In a groundbreaking discovery, researchers from the Australian National University (ANU) have discovered a doughnut-shaped region located thousands of miles beneath our feet, within the Earth’s liquid core.

It is likely to revolutionize our understanding of the Earth’s magnetic field and its significance for life on Earth. The ANU seismologists reveal that this structure within the Earth’s liquid core is exclusively found at low latitudes, positioned parallel to the equator.

The newly discovered doughnut-shaped region sits at the top of the Earth’s outer core, precisely where the liquid core meets the mantle (the layer that surrounds the Earth’s core). The researchers made the discovery through a novel approach to seismic wave analysis.

Seismic waves reveal hidden doughnut-shaped structures in Earth’s outer core

ANU geophysicist and co-author Professor Hrvoje Tkalčić noted that the seismic waves propagate more slowly through the newly identified structure compared to the rest of the liquid outer core.

“The region sits parallel to the equatorial plane, is confined to the low latitudes and has a doughnut shape.
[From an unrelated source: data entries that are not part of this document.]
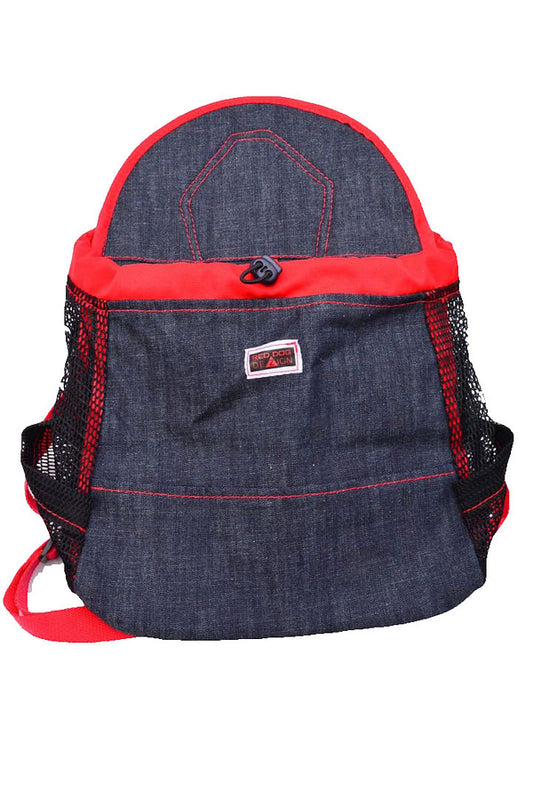 RedDog Dezigns | Backpack Pooch Pouch (Pre-order – 5 day turn around)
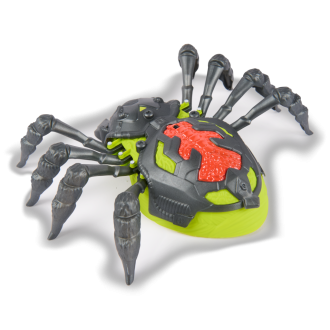 HEX Bots RC tarantule lezoucí po stěnách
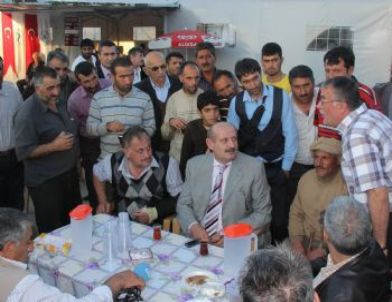 Kurban Pazarı Yüz Güldürdü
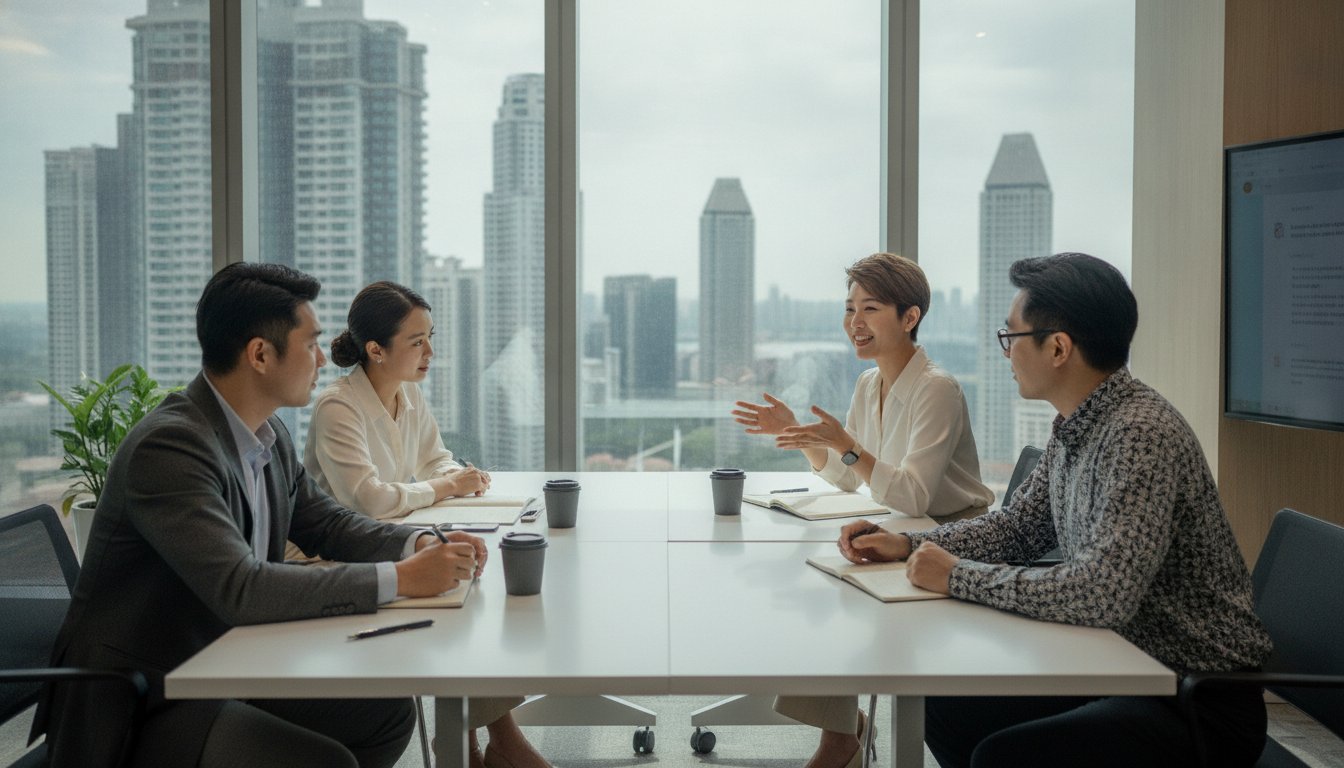 Best English Language School in Singapore: The 2026 Professional Guide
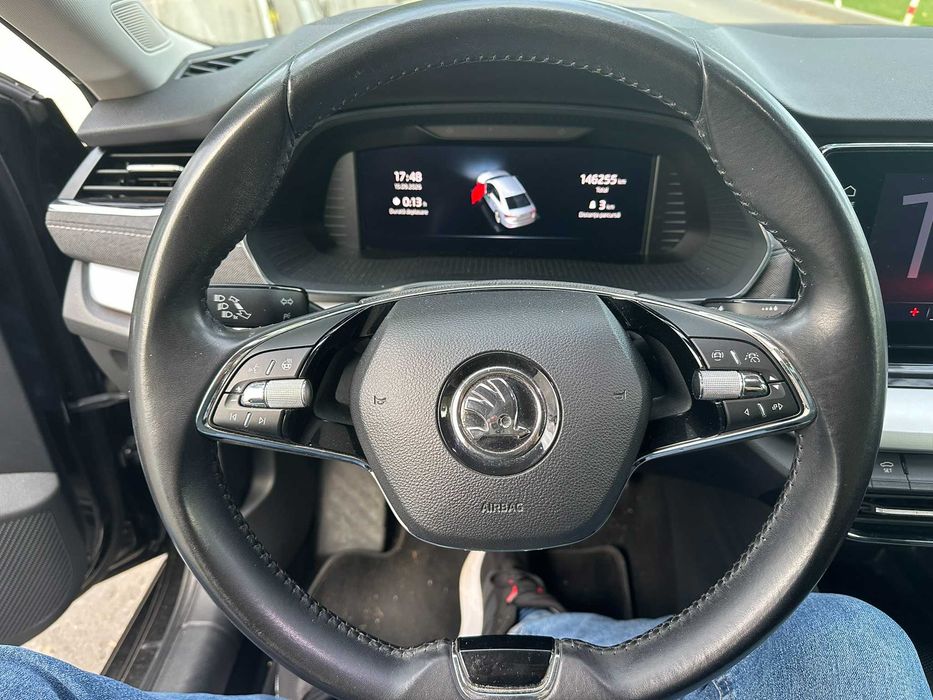 Škoda Octavia 4 (2020) – 1.5 TSI 150 CP – Echipare Top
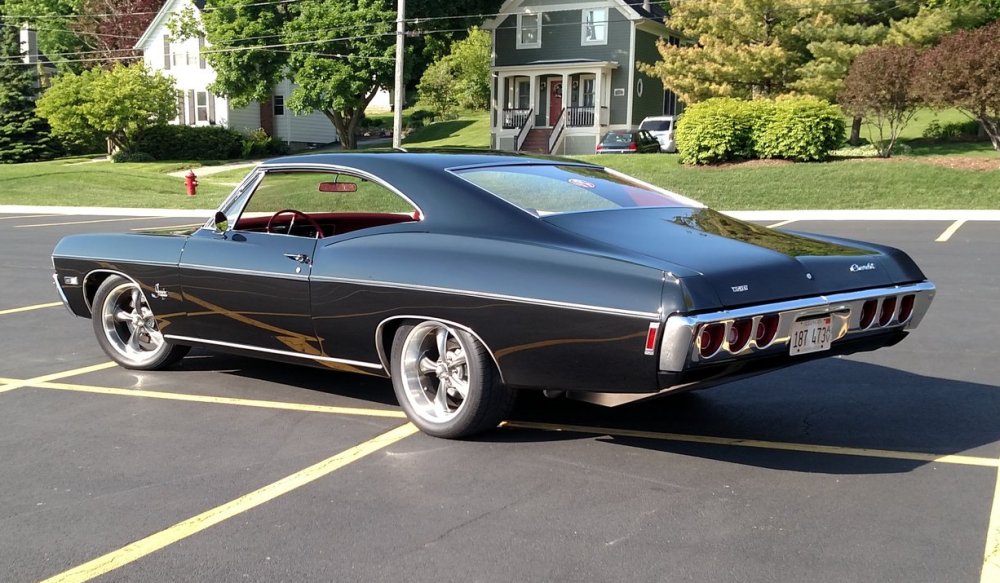 1968 Impala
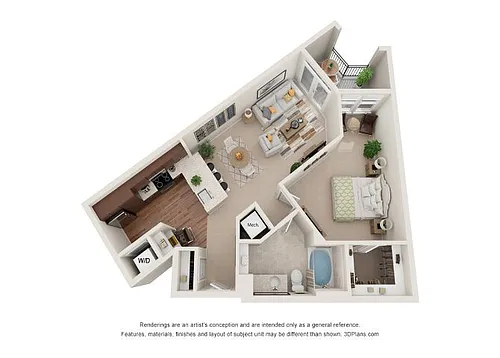 Floor plan Shahn
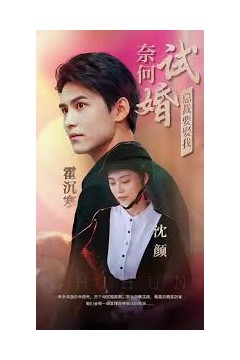 奈何试婚总裁要娶我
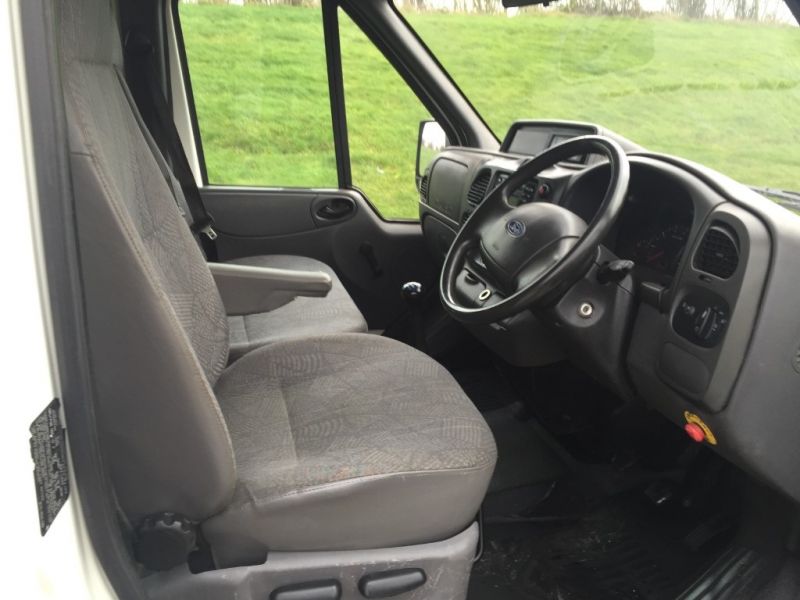 2004 Ford Transit T350 TDCI image 7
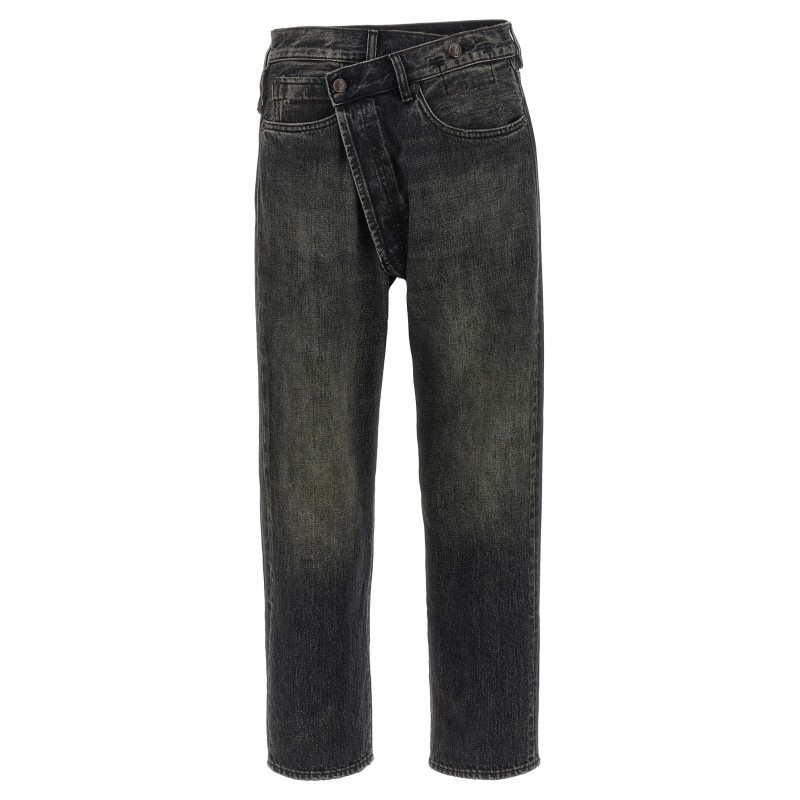 'Crossover' jeans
We don’t know the exact thickness of the doughnut, but we inferred that it reaches a few hundred kilometers beneath the core-mantle boundary,” he said .

The ANU researchers analyzed the similarities between waveforms many hours after the occurrence of earthquakes , which led them to make this unique discovery.

Professor Tkalčić elaborated that by comprehending the geometry of the wave paths and how they traverse the outer core’s volume, researchers can reconstruct their travel times through the Earth, confirming that the newly discovered region exhibits low seismic velocities.

Deepen our understanding of the magnetic field

The professor added that this peculiar structure remained undetected until now because previous studies collected data with less volumetric coverage of the outer core, typically observing waves confined within one hour after the origin times of large earthquakes.

“We were able to achieve much better volumetric coverage because we studied the reverberating waves for many hours after large earthquakes,” he explained .

Dr. Xiaolong Ma, the co-author of the study, noted that there are still mysteries about the Earth’s outer core that are yet to be solved. They require multidisciplinary efforts from seismology, mineral physics, geomagnetism, and geodynamics.

The researchers also believe their findings are intriguing because this low velocity within the liquid core suggests a high concentration of light chemical elements in these regions, causing the seismic waves to slow down. These light elements, along with temperature differences, contribute to stirring the liquid in the outer core.

They further explain that understanding the Earth’s outer core composition, particularly the presence of light chemical elements, is crucial for comprehending the magnetic field and predicting its potential weakening.

The researchers conclude by emphasizing that the magnetic field is a fundamental element necessary for sustaining life on the surface of our planet.

They share that the the dynamics of Earth’s magnetic field is an area of strong interest in the scientific community, and these results could promote further research into the magnetic field on both Earth and other planets.